I think we lose the country.
I think if he loses this next election, we are in for real leftism with a vengeance.
And so when you ask what the next big thing is, I think either it's going to be a real triumph for conservatism.
I think if Trump wins, I think we could really have, just like with Reagan, Reagan gave us 25 good years.
Nothing lasts forever.
25 good years is the core of a lifetime.
So that would be a beautiful thing.
If he loses, I think we're in big trouble.
I really do.
You know, when I think about it, it's hard for me to imagine Democrats really doing something different because they're crazy.
And crazy people, insane people, do the same thing over and over and over again.
They expect the result.
So I can't imagine what else they would do that's different.
What I'm thinking is there must be people who are not getting the press, who are quiet, who are not getting what AOC is getting, and like squad is getting, who have other ideas, who have different ways of doing it.
Listen, the stuff they're selling, they call themselves progressive.
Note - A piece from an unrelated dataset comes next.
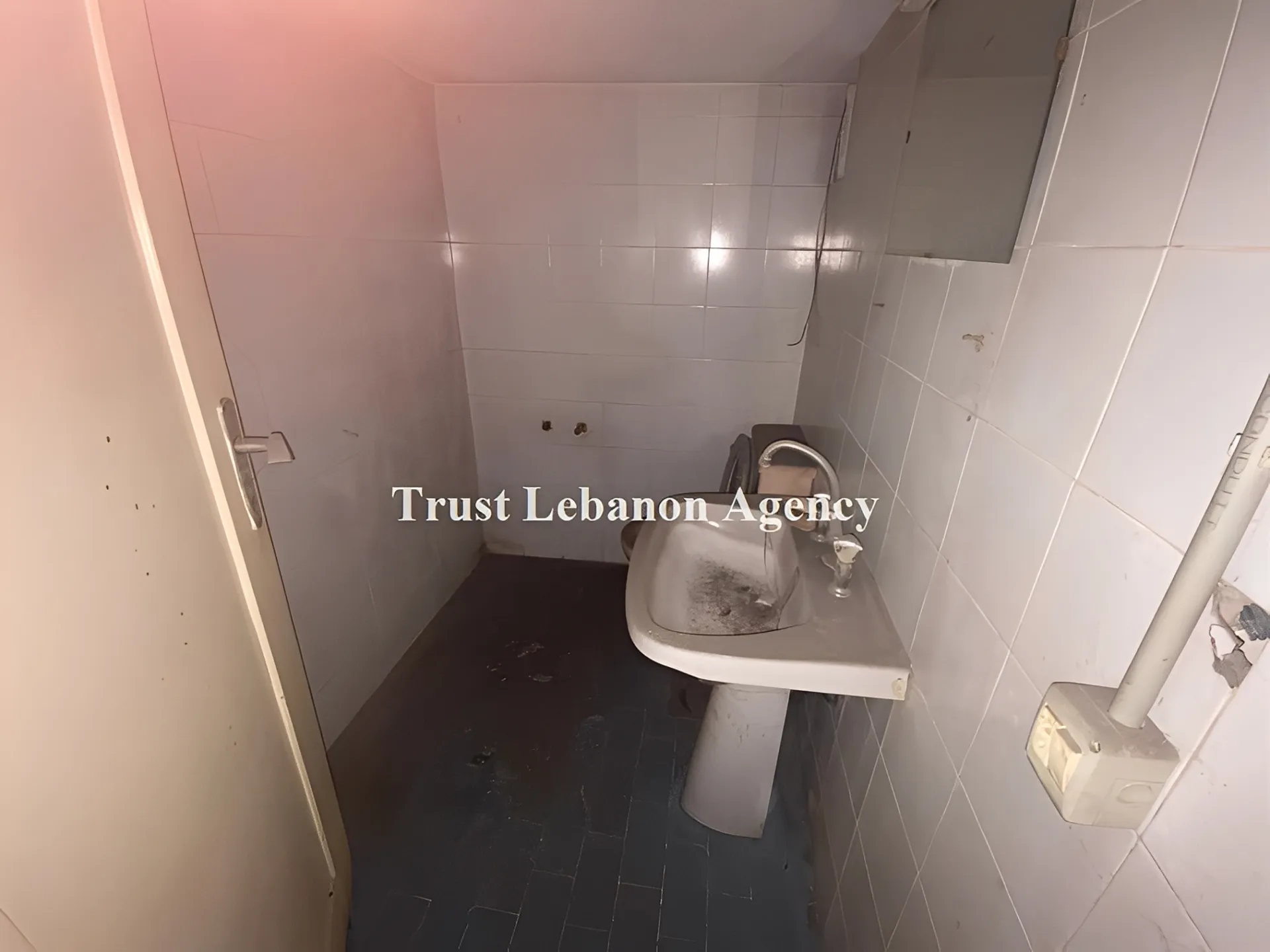 Shop for sale in Metn, Nahr El Mott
The stuff they're selling has been failing since the 19th century.
So maybe they come up with new ways of treating people.
I'm not against ways of making sure that the poor aren't too poor and that people who are out of work can be taken care of.
I'm not against all that.
Those are liberal policies that maybe they could come up with some new way besides destroying our economy.
And certainly this woke stuff has got to go.
To me, it is the most racist, offensive.
I mean, I would rather read at this point, seriously, I would rather read an actual, like we're racist, we hate everybody.
Think, okay, at least you're honest.
I'd rather read that than the New York Times, which tells me that their hatred of everybody is love.
Right?
Rather honest hate than this garbage.
You know, I believe this country, this country is a gift.
It's a gift from God.
And I think that anybody, it's this amazing idea that anybody can participate.
No other country's ever had that idea.
But if you keep tearing us apart and setting us against each other, I think we're done for.
Yeah.
And I think maybe they drop that.
As you say, I agree with you.
They're nuts.
They're on that same, you know, not crazy people on a little train track.
You know, it goes around.
I keep seeing the same station.
How come I, you know, it's like, but I don't know.
Maybe this wakes them up, you know, if Trump wins.
And thanks, man.
Now I got that chant stuck in my head when you said this woke stuff is going to, hey, hey, ho-ho.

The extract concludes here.